È qui che entra in gioco la valutazione della cultura moderna. Le separazioni operate nella modernità tra scienza e coscienza, homo sapiens e homo faber, teoria e prassi, natura e autocoscienza compromettono quel cammino verso la verità intera che dilata l’esperienza umana e la rende capace di accogliere e dare senso a tutto il reale. Eppure l’uomo non rinuncia all’esigenza di “andare oltre”, superando i limiti umani; ma lo fa puntando solo sulla tecnologia e sulla scienza, fino a scadere in forme di “tecnocrazia” in cui dominano ormai l’artificiale o il virtuale. In tal modo affida il suo destino a meccanismi sociali o alle leggi del mercato o alle sole potenzialità della tecnologia, senza garanzie di vera umanizzazione.
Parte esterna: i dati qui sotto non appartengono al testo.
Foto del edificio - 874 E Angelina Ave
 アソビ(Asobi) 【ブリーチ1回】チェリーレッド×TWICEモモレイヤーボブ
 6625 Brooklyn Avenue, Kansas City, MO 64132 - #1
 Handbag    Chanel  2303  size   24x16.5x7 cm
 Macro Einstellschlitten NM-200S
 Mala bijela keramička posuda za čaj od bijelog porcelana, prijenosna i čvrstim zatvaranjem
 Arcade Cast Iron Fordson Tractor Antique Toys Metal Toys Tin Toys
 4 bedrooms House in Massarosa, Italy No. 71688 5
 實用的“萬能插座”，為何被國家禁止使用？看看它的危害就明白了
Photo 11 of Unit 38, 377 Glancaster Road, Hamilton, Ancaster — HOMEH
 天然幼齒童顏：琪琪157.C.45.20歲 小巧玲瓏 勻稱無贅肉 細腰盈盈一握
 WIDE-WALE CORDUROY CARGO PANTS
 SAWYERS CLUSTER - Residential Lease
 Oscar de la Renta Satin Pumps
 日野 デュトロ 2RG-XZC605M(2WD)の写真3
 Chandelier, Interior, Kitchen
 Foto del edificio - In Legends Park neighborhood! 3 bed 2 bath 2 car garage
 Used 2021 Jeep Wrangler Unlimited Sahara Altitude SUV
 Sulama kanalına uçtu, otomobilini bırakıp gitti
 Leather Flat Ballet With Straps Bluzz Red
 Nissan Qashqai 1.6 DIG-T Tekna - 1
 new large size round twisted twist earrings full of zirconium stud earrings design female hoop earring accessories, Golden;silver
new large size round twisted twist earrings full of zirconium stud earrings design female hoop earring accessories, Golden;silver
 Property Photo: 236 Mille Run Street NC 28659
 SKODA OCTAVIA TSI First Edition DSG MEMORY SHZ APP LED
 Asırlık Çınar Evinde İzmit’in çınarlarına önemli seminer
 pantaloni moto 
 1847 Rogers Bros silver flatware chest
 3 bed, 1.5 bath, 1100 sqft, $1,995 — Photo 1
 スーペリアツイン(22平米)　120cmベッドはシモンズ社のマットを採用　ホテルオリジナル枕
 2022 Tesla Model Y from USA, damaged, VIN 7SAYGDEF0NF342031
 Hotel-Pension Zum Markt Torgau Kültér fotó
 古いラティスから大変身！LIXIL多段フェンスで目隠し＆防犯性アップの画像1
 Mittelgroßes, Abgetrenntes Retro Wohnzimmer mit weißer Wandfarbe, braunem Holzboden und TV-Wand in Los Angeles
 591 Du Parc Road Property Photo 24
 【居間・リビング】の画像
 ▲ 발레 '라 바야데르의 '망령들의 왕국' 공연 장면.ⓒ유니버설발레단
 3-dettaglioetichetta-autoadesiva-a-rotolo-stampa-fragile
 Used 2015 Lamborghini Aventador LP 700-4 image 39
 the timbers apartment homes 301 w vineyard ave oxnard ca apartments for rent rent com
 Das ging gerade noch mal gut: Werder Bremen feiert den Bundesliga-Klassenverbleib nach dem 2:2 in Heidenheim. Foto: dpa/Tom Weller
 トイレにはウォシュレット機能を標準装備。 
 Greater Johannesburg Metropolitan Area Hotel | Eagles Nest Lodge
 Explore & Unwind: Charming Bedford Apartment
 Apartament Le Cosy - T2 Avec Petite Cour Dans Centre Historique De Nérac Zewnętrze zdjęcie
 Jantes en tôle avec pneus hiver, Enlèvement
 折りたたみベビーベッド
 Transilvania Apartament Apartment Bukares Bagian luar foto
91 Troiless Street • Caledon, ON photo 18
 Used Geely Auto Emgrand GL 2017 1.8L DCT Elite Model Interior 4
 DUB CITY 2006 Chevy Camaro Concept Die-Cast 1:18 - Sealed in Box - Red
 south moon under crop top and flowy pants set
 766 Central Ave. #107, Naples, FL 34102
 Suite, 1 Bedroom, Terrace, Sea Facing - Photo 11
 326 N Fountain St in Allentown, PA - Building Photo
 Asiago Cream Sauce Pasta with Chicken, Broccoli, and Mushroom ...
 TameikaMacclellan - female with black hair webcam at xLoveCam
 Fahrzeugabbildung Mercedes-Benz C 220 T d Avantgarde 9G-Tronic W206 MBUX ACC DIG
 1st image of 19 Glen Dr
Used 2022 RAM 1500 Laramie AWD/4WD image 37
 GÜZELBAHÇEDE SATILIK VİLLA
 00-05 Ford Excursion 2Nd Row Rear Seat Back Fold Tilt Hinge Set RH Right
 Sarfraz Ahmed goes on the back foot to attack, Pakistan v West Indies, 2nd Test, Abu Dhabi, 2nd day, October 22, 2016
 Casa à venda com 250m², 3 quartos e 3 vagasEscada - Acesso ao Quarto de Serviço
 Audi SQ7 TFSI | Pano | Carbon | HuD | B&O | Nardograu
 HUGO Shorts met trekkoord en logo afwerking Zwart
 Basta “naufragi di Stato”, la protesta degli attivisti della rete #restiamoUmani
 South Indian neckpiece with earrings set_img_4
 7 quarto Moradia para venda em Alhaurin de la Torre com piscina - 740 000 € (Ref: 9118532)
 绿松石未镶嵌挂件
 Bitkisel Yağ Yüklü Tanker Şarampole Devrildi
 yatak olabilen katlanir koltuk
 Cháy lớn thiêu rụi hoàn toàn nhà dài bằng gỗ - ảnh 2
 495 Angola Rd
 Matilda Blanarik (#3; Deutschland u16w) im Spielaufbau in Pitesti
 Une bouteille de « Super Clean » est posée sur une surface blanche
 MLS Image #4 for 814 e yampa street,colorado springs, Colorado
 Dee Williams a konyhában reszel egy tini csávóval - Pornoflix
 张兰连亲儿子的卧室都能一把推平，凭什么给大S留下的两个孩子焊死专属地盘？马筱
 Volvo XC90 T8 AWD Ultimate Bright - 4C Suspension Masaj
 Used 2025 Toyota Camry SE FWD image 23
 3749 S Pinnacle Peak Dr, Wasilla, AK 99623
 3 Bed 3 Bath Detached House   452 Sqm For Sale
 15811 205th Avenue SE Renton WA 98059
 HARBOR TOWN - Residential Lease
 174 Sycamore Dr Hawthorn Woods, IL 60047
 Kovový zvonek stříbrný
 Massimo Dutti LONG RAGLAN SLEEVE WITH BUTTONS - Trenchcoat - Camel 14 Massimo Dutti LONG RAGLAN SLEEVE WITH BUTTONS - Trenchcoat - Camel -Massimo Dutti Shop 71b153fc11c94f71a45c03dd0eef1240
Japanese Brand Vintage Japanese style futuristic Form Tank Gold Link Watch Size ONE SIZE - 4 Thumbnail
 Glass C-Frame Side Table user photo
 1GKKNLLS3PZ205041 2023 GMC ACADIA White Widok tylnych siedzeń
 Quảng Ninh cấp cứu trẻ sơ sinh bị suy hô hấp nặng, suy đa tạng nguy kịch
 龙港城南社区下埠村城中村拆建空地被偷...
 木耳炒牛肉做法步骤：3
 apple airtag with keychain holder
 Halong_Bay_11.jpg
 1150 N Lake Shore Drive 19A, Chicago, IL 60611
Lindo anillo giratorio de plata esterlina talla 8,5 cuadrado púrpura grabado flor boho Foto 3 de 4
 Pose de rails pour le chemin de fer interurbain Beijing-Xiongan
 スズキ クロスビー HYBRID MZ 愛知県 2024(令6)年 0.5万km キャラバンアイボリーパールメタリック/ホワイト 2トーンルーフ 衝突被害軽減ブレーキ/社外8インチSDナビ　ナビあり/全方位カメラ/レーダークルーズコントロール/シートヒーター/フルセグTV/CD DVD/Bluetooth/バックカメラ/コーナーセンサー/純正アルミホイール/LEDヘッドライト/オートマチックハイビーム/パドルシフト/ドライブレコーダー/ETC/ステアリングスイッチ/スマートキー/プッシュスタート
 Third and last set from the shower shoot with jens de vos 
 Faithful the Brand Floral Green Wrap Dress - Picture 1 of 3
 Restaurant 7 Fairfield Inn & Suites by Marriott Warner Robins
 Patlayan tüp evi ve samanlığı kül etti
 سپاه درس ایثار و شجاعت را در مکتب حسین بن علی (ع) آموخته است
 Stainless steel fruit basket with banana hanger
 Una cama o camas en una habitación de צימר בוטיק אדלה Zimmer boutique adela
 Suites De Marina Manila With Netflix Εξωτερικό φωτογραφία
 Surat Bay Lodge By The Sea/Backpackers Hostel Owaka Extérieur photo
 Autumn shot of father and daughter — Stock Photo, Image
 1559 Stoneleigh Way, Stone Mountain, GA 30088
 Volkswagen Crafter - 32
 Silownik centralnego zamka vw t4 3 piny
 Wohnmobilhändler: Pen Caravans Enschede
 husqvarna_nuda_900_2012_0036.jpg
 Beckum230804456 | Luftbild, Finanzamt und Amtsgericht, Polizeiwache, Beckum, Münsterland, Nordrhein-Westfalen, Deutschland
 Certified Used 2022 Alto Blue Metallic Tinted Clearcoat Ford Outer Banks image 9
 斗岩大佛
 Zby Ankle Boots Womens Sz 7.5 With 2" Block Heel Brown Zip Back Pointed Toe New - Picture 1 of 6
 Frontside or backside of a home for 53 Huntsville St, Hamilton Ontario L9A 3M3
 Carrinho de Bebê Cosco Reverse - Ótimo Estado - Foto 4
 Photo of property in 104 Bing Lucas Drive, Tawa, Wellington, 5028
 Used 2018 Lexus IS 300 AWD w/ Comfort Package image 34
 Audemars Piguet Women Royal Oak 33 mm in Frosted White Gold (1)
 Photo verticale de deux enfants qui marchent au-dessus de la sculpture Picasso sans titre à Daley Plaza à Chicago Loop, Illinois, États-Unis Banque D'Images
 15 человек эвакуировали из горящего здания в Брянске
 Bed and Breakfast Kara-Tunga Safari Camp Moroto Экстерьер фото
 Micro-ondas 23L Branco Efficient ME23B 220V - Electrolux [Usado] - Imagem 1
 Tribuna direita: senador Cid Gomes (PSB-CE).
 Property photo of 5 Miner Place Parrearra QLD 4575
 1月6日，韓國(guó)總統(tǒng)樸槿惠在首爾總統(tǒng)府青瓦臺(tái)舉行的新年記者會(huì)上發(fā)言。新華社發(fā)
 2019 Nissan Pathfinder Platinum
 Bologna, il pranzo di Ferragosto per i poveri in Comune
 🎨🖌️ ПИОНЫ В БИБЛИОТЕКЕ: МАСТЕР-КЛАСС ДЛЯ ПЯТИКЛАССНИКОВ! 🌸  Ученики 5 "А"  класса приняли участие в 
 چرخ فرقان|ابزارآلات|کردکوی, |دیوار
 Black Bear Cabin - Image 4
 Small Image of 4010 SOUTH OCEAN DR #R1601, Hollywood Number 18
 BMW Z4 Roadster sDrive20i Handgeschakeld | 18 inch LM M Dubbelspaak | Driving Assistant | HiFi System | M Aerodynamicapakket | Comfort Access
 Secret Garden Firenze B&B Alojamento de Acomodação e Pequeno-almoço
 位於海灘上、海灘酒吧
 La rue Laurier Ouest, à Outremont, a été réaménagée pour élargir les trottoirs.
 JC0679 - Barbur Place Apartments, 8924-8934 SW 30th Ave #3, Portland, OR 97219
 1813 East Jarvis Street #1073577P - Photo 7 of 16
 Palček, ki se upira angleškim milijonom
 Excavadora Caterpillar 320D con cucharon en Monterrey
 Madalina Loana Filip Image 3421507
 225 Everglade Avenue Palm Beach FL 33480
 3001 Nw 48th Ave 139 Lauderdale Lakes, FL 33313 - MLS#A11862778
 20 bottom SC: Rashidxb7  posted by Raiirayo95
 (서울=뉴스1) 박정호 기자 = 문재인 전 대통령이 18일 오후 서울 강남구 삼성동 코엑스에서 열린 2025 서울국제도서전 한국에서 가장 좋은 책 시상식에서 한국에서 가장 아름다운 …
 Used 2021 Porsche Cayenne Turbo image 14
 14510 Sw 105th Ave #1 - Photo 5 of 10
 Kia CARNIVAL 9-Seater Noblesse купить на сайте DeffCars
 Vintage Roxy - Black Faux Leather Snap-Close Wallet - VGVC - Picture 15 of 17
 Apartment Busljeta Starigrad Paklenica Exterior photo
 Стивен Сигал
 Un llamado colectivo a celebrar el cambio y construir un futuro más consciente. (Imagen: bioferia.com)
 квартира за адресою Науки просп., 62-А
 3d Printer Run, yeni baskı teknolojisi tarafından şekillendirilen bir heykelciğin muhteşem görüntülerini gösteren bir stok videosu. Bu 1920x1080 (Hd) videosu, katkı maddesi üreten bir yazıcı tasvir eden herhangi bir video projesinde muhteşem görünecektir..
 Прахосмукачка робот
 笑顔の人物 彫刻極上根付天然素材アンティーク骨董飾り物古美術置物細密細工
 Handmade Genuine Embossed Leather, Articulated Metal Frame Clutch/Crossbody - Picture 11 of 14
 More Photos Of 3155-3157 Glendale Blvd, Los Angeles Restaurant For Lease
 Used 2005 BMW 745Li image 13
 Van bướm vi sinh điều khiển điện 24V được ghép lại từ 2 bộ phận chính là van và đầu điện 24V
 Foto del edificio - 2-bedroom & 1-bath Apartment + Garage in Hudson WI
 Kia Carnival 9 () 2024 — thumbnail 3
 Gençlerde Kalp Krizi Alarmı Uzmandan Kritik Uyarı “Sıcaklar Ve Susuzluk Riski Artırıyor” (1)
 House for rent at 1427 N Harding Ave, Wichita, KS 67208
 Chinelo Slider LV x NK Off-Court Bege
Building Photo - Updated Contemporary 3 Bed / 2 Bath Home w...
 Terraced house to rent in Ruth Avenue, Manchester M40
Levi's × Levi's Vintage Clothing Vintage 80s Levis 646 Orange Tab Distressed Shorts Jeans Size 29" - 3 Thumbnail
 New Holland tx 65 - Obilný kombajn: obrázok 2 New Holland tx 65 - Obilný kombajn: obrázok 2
Le finalità dello sviluppo dovrebbero impegnare la responsabilità personale più che meccanismi neutri o forze anonime. Un luogo di verifica di tutto questo è il diritto, base portante della cultura europea. Il riconoscimento della inviolabile dignità umana e dei suoi diritti non può essere affidata solo al consenso o alle dinamiche di potere e tantomeno all’utilità comune. Ne deriva l’urgenza di ritrovare la relazione alla verità, a ciò che è, all’ordine oggettivo delle cose. In questo spazio l’uomo trova un ordine affidabile per abitare il mondo, tutelando la sua inviolabile dignità.
Rileggere questa preoccupazione riguardo al nesso verità/ragione/fede quale base insostituibile di ogni cultura e convivenza pienamente umane costituisce la sfida intrigante del Convegno di Villa Cagnola.